Performativité et domination

Résumé

Depuis les années 1950, la philosophie et la linguistique ont reconnu que le langage ne servait pas seulement à dire des choses – à communiquer – mais qu'il réussissait également à faire des choses. Et contrairement à l'ancienne rhétorique qui n'étudiait que les effets que le langage pouvait avoir sur un public donné suite à la profération d'énoncés ayant certains contenus, cette nouvelle approche envisage l'action de la parole comme une caractéristique qui lui est propre ou intrinsèque : c'est en disant que quelque chose est fait. Ce qu'a ainsi découvert J.L. Austin avec les énoncés performatifs et la théorie des actes de parole, c'est que l'utilisation même du langage consistait à réaliser un certain nombre d'actions, dont les exemples les plus évidents sont la promesse, l'ordre ou le baptême1. Lorsqu'un énoncé du type « Je te promets de faire la vaisselle » est proféré, il n'est pas seulement dit que je promets de faire la vaisselle, mais la promesse consistant à s'engager à faire la vaisselle est bel et bien prise ou réalisée. Cela est plus clair encore avec les énoncés proférés dans des contextes clairement institutionnels comme peut l'être, par exemple, la cérémonie de mariage : l'énoncé du type « je vous déclare mari et femme » constitue alors l'acte même de marier, qui n'est pas réductible au fait de dire (au sens constatif du terme) que deux personnes sont mari et femme. Pour le dire autrement, le sens de ce type d'énoncés n'est pas réductible à leur sémantique (ou à leurs conditions de vérité), mais doit inclure des éléments pragmatiques, notamment leur qualité d'acte, qu'Austin a qualifié « de force illocutionnaire », laquelle vient doter un énoncé donné d'une certaine efficacité, relative à la force spécifique de cet énoncé.

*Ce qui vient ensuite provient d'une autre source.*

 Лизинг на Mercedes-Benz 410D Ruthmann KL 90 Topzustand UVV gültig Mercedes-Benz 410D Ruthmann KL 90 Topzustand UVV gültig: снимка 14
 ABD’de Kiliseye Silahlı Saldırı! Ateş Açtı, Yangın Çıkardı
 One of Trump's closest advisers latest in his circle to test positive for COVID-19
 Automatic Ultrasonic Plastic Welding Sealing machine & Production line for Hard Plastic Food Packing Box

Austin avait clairement indiqué dans ses recherches que cette efficacité dépendait de plusieurs conditions de félicité (et on plus de vérité), dont il avait donné une énumération sommaire. Parmi elles, des conditions institutionnelles et contextuelles apparaissaient clairement, qui provoquaient une rupture de l'autonomie de l'objet de la linguistique : dès lors que l'on prenait en compte les effets illocutionnaires du langage, l'analyse d'Austin semblait nous forcer à admettre que la langue n'était pas étanche à l'égard des déterminations sociales et qu'elle était peut-être même une réalité intrinsèquement conventionnelle devant être étudiée en fonction des conventions et des normes de la société dans laquelle elle était utilisée. Dès lors, l'analyse de l'interaction linguistique devait tout autant prendre en compte les paramètres sociaux qui affectaient celle-ci que les éléments linguistiques intervenant dans sa production.

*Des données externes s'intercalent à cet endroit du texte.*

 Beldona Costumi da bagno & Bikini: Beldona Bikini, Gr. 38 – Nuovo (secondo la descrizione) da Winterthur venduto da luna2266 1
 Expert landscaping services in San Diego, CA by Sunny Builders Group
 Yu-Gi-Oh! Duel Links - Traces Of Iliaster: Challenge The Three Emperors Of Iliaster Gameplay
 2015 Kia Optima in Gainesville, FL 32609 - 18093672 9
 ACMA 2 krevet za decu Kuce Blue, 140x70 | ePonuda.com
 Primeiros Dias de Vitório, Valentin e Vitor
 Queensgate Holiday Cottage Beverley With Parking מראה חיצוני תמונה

La majeure partie de la linguistique et de la pragmatique philosophique – notamment la théorie des actes de langage, telle qu'elle a été développée par J.R. Searle2 et D. Vanderveken3 – a néanmoins prolongé les travaux d'Austin dans une optique consistant à considéré que la « force illocutionnaire » était une propriété purement linguistique, qui relevait de conventions uniquement linguistiques et pouvait être étudiée de manière plus ou moins formelle, en considérant les seules propriétés linguistiques des énoncés – tout le problème devenant alors de savoir si la force illocutionnaire relevait des structures syntaxiques, grammaticales, sémantiques, voire interactionnelles – celles-ci excluant par définition les déterminants sociaux. Or ce type de conception – quels que soient ses résultats sur le plan formel en termes de modélisations de la parole4 – a pour conclusion (ou prémisse) implicite que quiconque peut réaliser un acte de parole, dès lors qu'il utilise les bons éléments linguistiques permettant de doter un certain énoncé de la force illocutionnaire désirée. L'efficacité de la parole étant d'ordre linguistique, ceci implique que tout locuteur compétent d'une langue donnée peut accomplir sans problème un acte de parole donné – sauf dans certaines conditions externes qui peuvent éventuellement empêcher cet énoncé de réussir à avoir cette efficacité, mais cet empêchement intervient alors sur un plan autre que linguistique. L'efficacité linguistique est ramenée au champ de l'usage du langage – lui-même considéré comme une sphère close – mais elle peut être empêchée de « s'exprimer » dès lors qu'elle s'expose aux vicissitudes de la vie sociale.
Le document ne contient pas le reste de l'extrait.